Supreme Court of Hawaii

October 30, 2013

STATE OF HAWAI'I, Respondent/Plaintiff-Appellee,
v.
JOSEPH VAIMILI, Respondent/Defendant-Appellee, and FREEDOM BAIL BONDS, Petitioner/Surety-Appellant.

CERTIORARI TO THE INTERMEDIATE COURT OF APPEALS (CAAP-12-0000034; CR. NO. 09-1-0410).

Matthew N. Padgett, for petitioner.

Brian R. Vincent, for respondent.

RECKTENWALD, C.J., NAKAYAMA, ACOBA, McKENNA, AND POLLACK, JJ.

OPINION

ACOBA, J.

We hold that the Circuit Court of the First Circuit (the court)[1] was right in denying the Motion for Relief from Forfeiture of Bail Bond filed on November 2, 2011 (November 2 Motion for Relief) by Petitioner/Surety-Appellant Freedom Bail Bonds (Petitioner). In doing so we conclude that (1) the November 2 Motion for Relief could not be brought under Hawai'i Rules of Civil Procedure (HRCP) Rule 60(b)[2] because pursuant to HRCP Rule 81(a) (8), [3] the rules of civil procedure do not apply to bond forfeiture proceedings, (2) the statement in Hawai'i Revised Statutes (HRS) § 804-14, [4] that a surety may recover its bond at any time by surrendering the defendant is qualified by HRS § 804-51, [5] which provides that once the court enters a judgment of forfeiture a surety is entitled to relief only by filing a motion within thirty days demonstrating good cause for setting the judgment of forfeiture aside, (3) the November 2 Motion for Relief was not filed within the thirty-day time limit and thus was untimely, and (4) under the terms of HRS § 804-51, once the court denies a motion to set aside the judgment, the court is not required to file a separate judgment under HRCP Rule 58.[6]

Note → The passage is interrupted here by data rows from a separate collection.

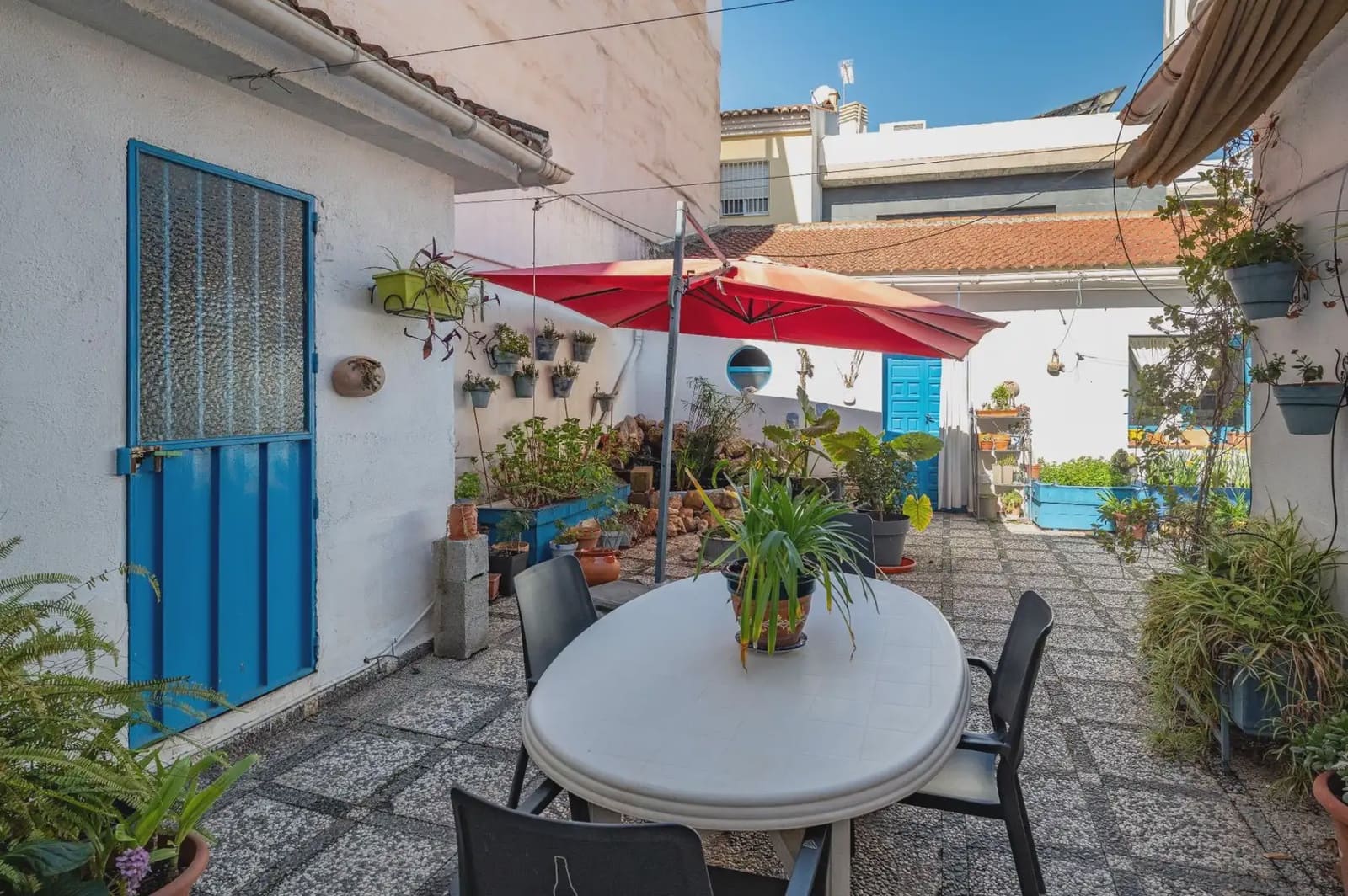 Hus til salgs i Armilla med garasje - € 329 900 (Ref: 9837223)
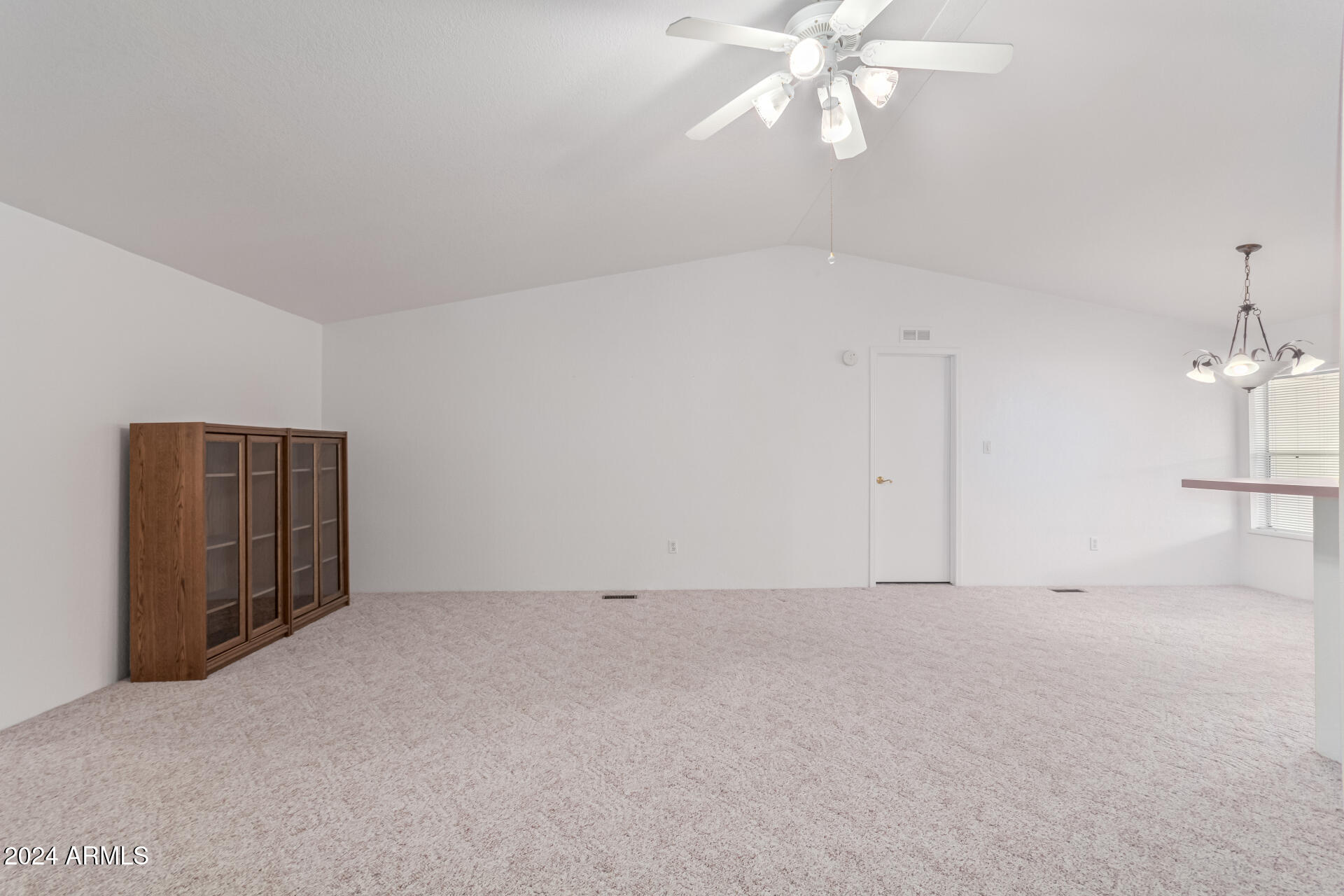 2609 W SOUTHERN Avenue, 52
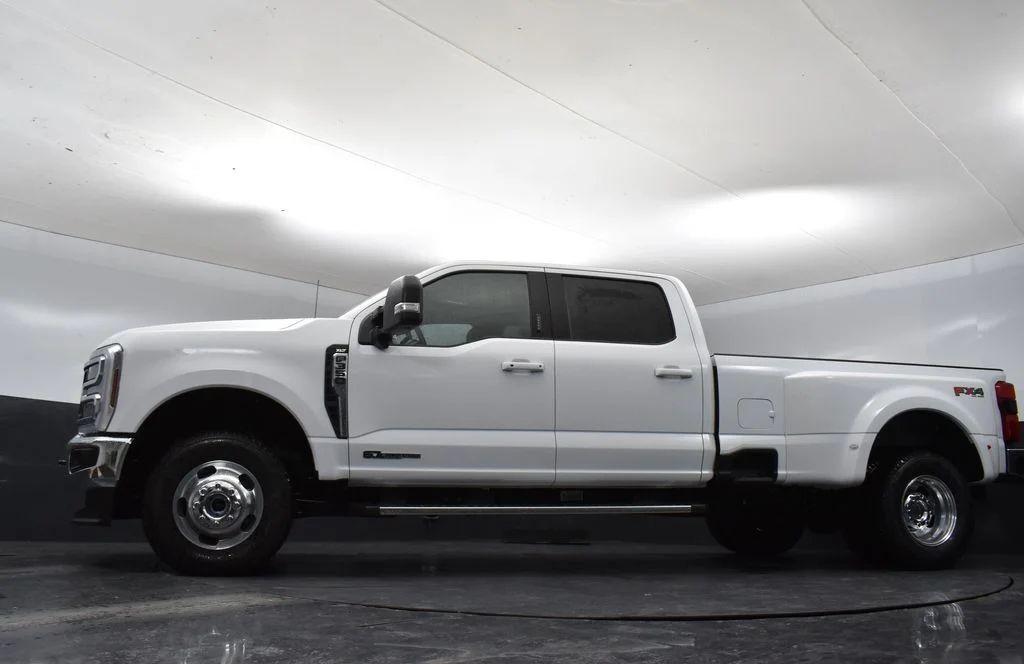 New 2026 Oxford White Ford F-350® XLT image 29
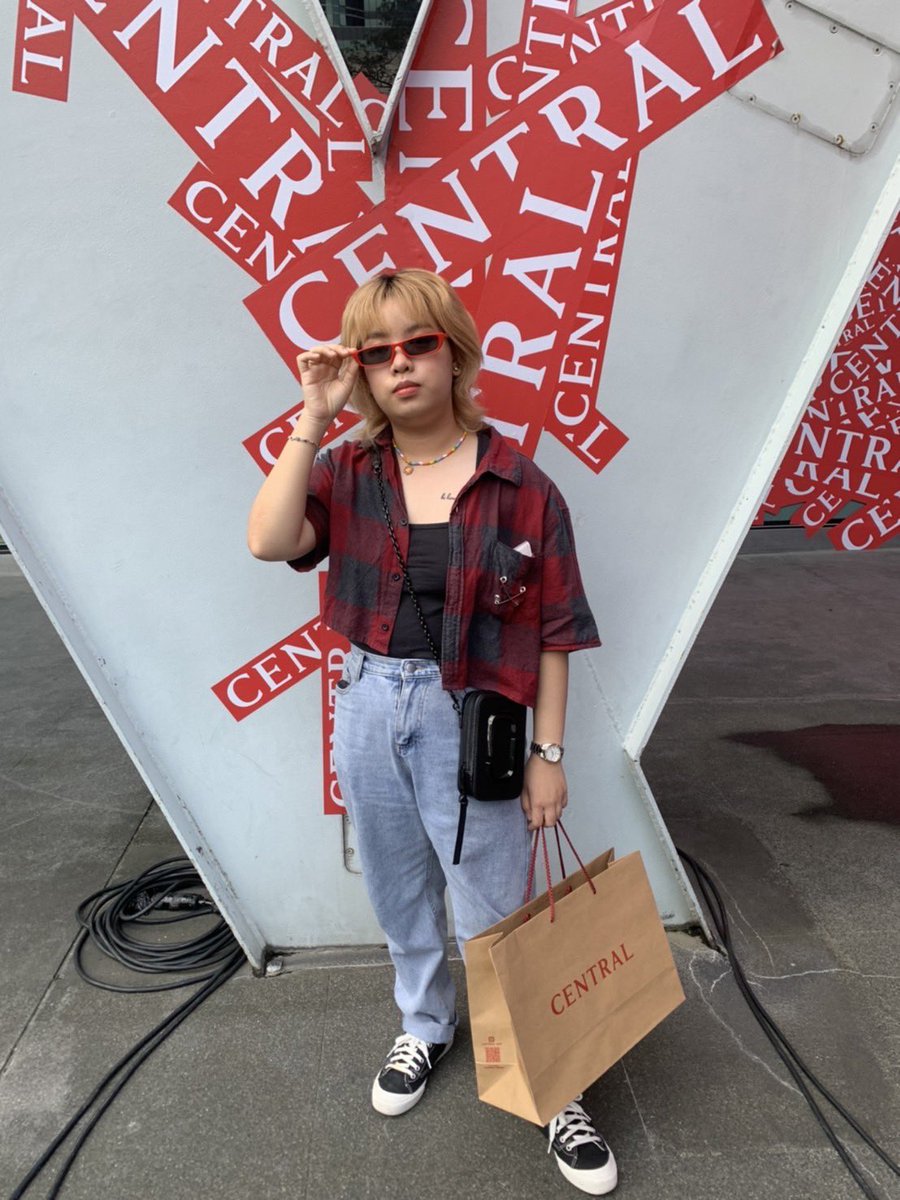 xxjpk_'s tweet photo. มาช้อปปิ้งที่ Central 9.9 Sale Fest เค้ามีแต่ดีลดีๆ แบรนด์ลดเพียบบ! 🎉🎁 หรือ Online ผ่าน Central app ก็มีโค้ดให้เก็บมากมาย 🛍
💚 อยากได้เสื้อทีมบาร์โค้ดค่าา 🖐🏻 #TeamBarcode
#ช้อปฟินวินทุกดีล #CentralRobinson99JeffBarcode @Centralnews https://t.co/zMEGH2S3mr
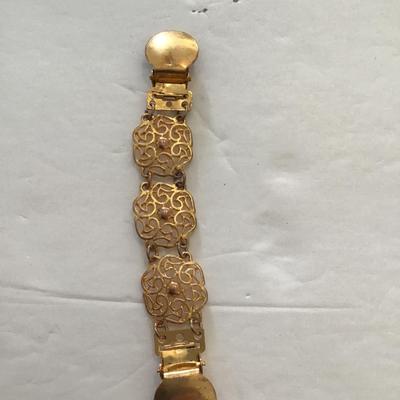Sale Photo Thumbnail #11: Vintage sweater clip. Please see attached photos.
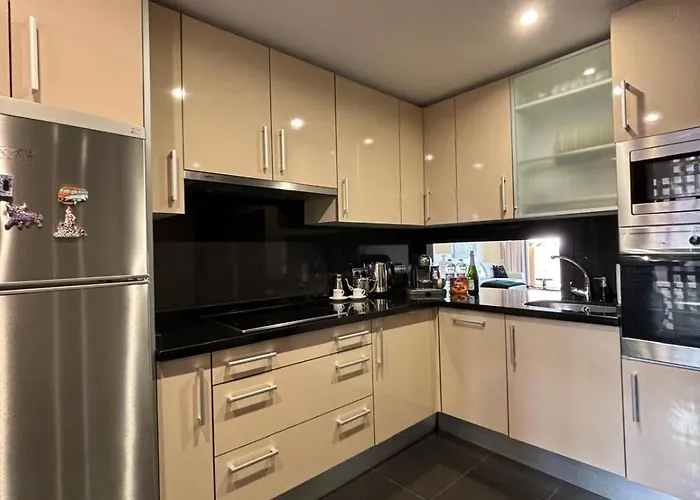 Seaview Elegance - *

Therefore, for the reasons stated herein, we affirm the May 23, 2013 judgment of the Intermediate Court of Appeals (ICA) filed pursuant to its April 26, 2013 Memorandum Opinion, [7] that affirmed the December 13, 2011 "Findings of Fact [(findings)], Conclusions of Law [(conclusions)], And Order" that denied Petitioner's November 2 Motion For Relief of the court, entered on December 13, 2011. (December 2011 Order) .

I.

A.

On March 23, 2009, Defendant Joseph Vaimili (Vaimili) was charged with Kidnapping, Terroristic Threatening in the First Degree, Promoting Prostitution in the First Degree, and Carrying or Use of a Firearm in the Commission of a Separate Felony. Bail was set at $250, 000. Petitioner posted bond for Vaimili on July 23, 2009, pursuant to HRS § 804-3 (2008) .[8] Vaimili was present for jury selection on June 21, 2010, however, he failed to appear in court on June 23, 2010. The trial was continued to June 28, 2010, to allow defense counsel the opportunity to locate Vaimili.

On June 28, 2010, a Judgment and Order of Forfeiture of Bail Bond was filed. The court continued the trial to July 19, 2010 to allow defense counsel another opportunity to secure Vaimili's presence for trial. Vaimili again failed to appear for trial on July 19, 2010, and Petitioner was unable to locate or contact Vaimili.

B.

Petitioner filed its first motion, a Motion to Set Aside Judgment and Order for Forfeiture of Bail Bond on July 27, 2010 (July 27 Motion to Set Aside). At the time of filing, Vaimili's whereabouts were still unknown. At the August 9, 2010 hearing to address the July 27 Motion to Set Aside, Petitioner stated it was unable to locate and to surrender Vaimili within the "thirty-day search period, " and had no reason for Vaimili's failure to appear at trial.[9] The court denied Petitioner's July 27 Motion to Set Aside and refused to enlarge[10] the thirty-day search period. (Citing State v. Camara, 81 Hawai'i 324, 330 (1996).) On August 16, 2010, the court filed its Findings of Fact, Conclusions of Law, and Order Denying [Petitioner's (first)] Motion to set Aside Judgment and Order of Forfeiture of Bail Bond (August 2010 Order).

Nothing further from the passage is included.